September 09, 2006|Claire Hoffman | Times Staff Writer

Every man's home is his castle. For Rupert Murdoch, even temporary digs are palatial.

Murdoch's News Corp. disclosed this week that since May it has been paying $50,000 a month to rent its chairman a Manhattan apartment while his $44-million place there is being renovated.

The perk, reported in a Securities and Exchange Commission filing, comes on top of compensation worth $25.7 million -- $4.5 million in salary and $21.2 million in bonuses -- that the media mogul received in the fiscal year ended June 30.

Murdoch and his family have been staying in a Los Angeles home he owns during the renovation, a News Corp. spokesman said, which is why Murdoch needs a place to stay during his frequent visits to New York.

"Given his business requirements here, the company, for its convenience, decided that it would pay for an apartment in New York for Mr.

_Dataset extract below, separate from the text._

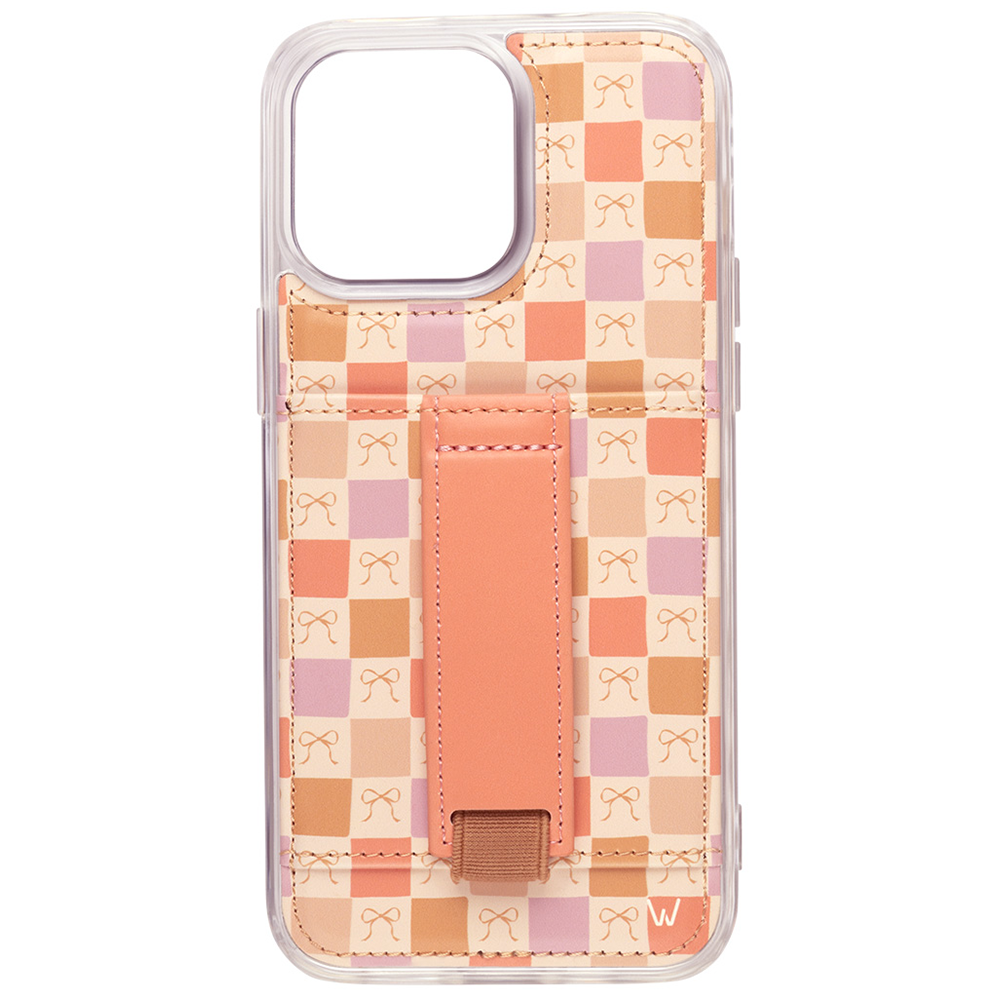 Golden Grace Phone Case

Murdoch," Andrew Butcher said.

As for Murdoch's pay, about 10% higher than a year earlier, Butcher said, "Our senior executives' salaries are based on publicly known performance criteria. The company has had several years of record profits."

Murdoch is said to have taken a penthouse apartment in the Trump Park Avenue building on Manhattan's Upper East Side. In addition to the rent, News Corp. is paying $500 in utilities and maintenance each month.

The filing also revealed that News Corp., which owns companies including 20th Century Fox Film Corp., Fox Broadcasting Co., the New York Post, Fox News Network and MySpace.com, paid President Peter Chernin $29.3 million in salary and bonuses, up about 8%.

The company paid Roger Ailes, who oversees Fox News and the Fox TV stations, $8.3 million, along with $77,243 for personal security and $124,020 for a car and driver.

Corporate governance watchdog groups called the payment of a personal -- and costly -- expense inappropriate for a public company.

"Why? Why? Why?" asked Nell Minow, editor of Corporate Library, a research firm that promotes shareholder rights. Minow said her firm had assigned an 'F' rating to the board of News Corp.

"This is a board that has proven itself time and time again to be completely within the thrall of the CEO," she said. "It's ludicrous that the people in the world who are best able to afford their luxury homes are the ones who don't have to pay for them."

New York-based News Corp., which Murdoch controls with a 31.2% stake, has seen its shares outperform those of such rivals as Time Warner Inc. and Viacom Inc. this year. Its stock rose about 17% during the most recent fiscal year.

News Corp. shares rose 16 cents to $19.54 on Friday.